At this unprecedented Passover Meal, Jesus teaches three main things to His disciples. First, that in a short while, His body would be given and His blood shed on the cross – and that under the apparently senseless slaughter of a Righteous Man, they should see His death as a ransom for the masses of humanity, for the sins of the whole world. This is God’s final judgment on sin, and from that day forward, the only sin that condemns to hell remains idolatry, but specifically the idolatry of rejecting Jesus and His death for the life of the world.
Second, Jesus teaches that in a mysterious and supernatural way, there was more than meets the eye under the simple bread and wine of an ordinary Passover Meal – now, by the power of His Word, the bread was truly His body and the wine was truly His blood, given to His disciples for the forgiveness of sins, life, and salvation. Further, by His words “Do this,” He instituted the Lord’s Supper for His Church to proclaim His death till the end of time (cf. 1 Corinthians 11:26).
And third, Jesus was teaching them that the Passover and the sacrificial system of Israel were types, or prefigurements, of His once-for-all sacrificial death on the cross, but now these Old Testament ceremonies must give way to the New Testament in His blood.

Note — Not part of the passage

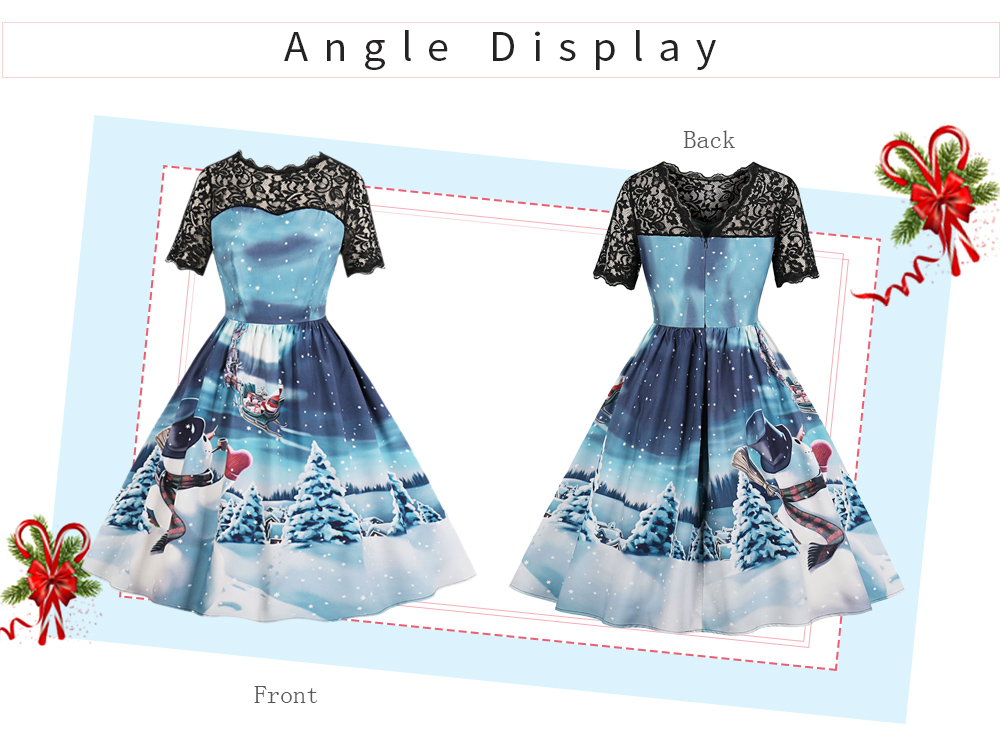 Round Collar Short Sleeve Spliced Lace Christmas Print A-line Women Dress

John the Baptist had pointed to Jesus and proclaimed, “Behold, the Lamb of God, who takes away the sin of the world!” (John 1:29). Later, Paul would write, “Christ, our Passover lamb, has been sacrificed” (1 Corinthians 5:7). At the Last Supper and on Good Friday, John’s preaching was fulfilled, when God’s holy, spotless Passover Lamb, Jesus Christ, finally offered His life as a ransom for the masses, so that sinners don’t have to get what they deserve but instead what Jesus has earned for them. Everything in the Old Testament was pointing forward to the coming of the Lord in the flesh as the Messiah to redeem His people and win forgiveness for not just Israel but Gentiles too.
There’s another peculiar part of the Old Testament that finds its fulfillment and explanation here.
The Lord had told Israel, “I will set my face against any Israelite or any foreigner residing among them who eats blood, and I will cut them off from the people. For the life of a creature is in the blood, and I have given it to you to make atonement for yourselves on the altar; it is the blood that makes atonement for one’s life” (Leviticus 17:10–11). The blood of animals in the Old Testament was reserved for atonement for the people’s sins, but the prohibition on its consumption would end with the institution of the Lord’s Supper, the New Testament in Christ’s blood: now and until Christ returns, the atoning blood of Jesus would be sacramentally fed to God’s people in, with, and under the wine of Holy Communion.
And what is in that blood that doesn’t meet the eye? Life! The blood of Jesus delivers to us the forgiveness of sins and serves as the antidote to death. God said, “The life is in the blood,” and that is what Christ’s disciples receive as the life-giving blood of Jesus is drunk by us in the Lord’s Supper: “For where there is forgiveness of sins, there is also life and salvation.” For, as you come in faith to Jesus to feed on His body given and His blood shed for you, Jesus promises, “Whoever eats my flesh and drinks my blood has eternal life, and I will raise them up at the last day. For my flesh is real food and my blood is real drink. Whoever eats my flesh and drinks my blood remains in me, and I in them” (John 6:54–56). Amen.